____ Entries provided

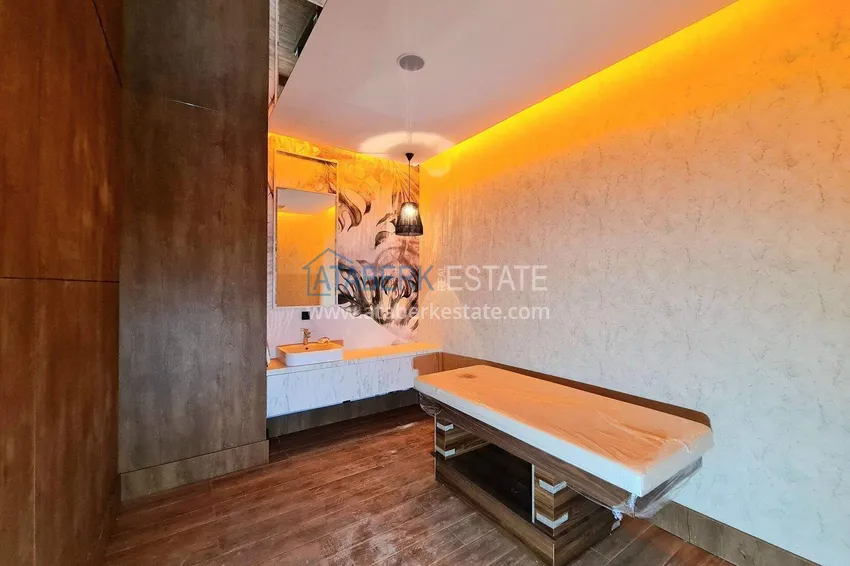 Apartments from a developer with installments in Alanya - a comfort-class complex in the Oba area 36
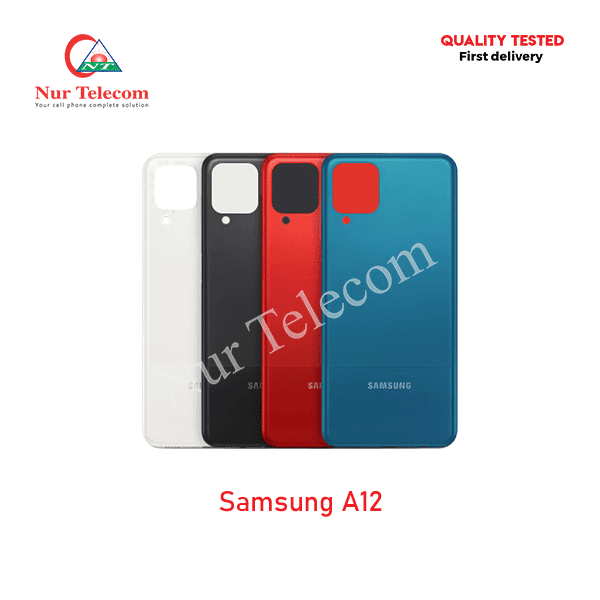 Samsung Galaxy A12 Backshell Price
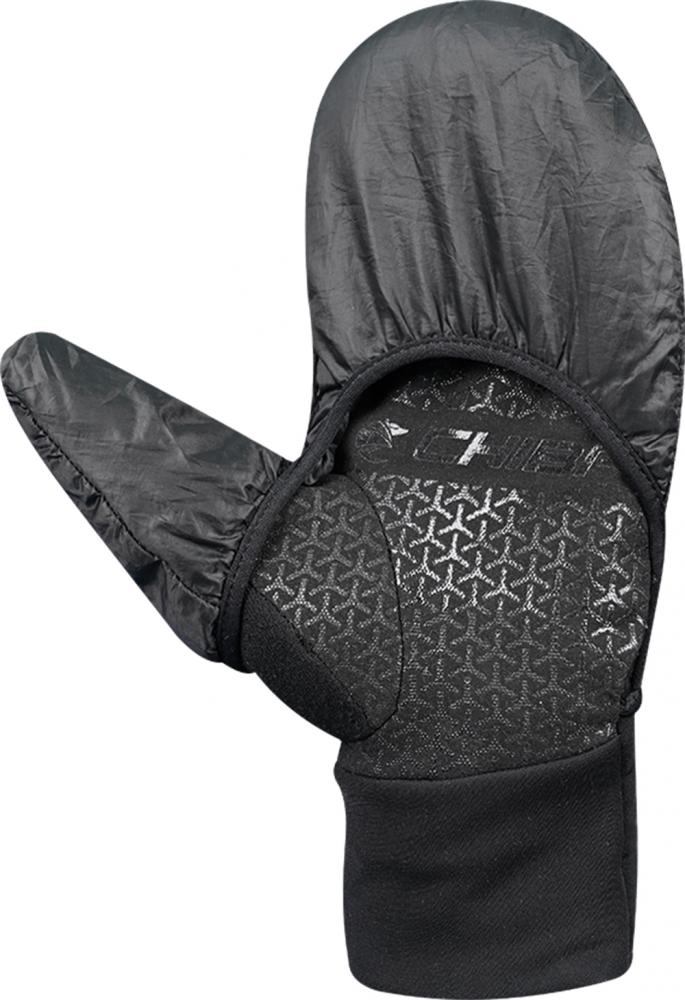 CHIBA Polartec XP Advanced - Radhandschuhe schwarz L mit Windüberzug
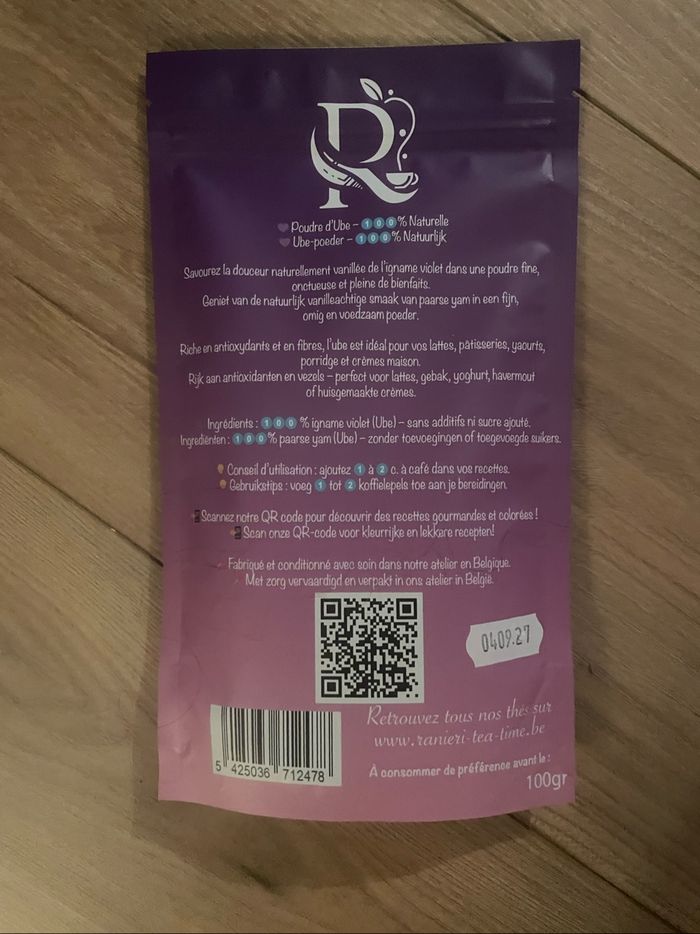 Ube latte - photo numéro 2
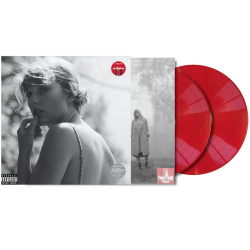 TAYLOR SWIFT-FOLKLORE 2 VINYL ROJO  ..602435092874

________

[Problem] Give back the listing word for word, minus its images.

[Result of this task]
 Apartments from a developer with installments in Alanya - a comfort-class complex in the Oba area 36
 Samsung Galaxy A12 Backshell Price
 CHIBA Polartec XP Advanced - Radhandschuhe schwarz L mit Windüberzug
 Ube latte - photo numéro 2
 TAYLOR SWIFT-FOLKLORE 2 VINYL ROJO  ..602435092874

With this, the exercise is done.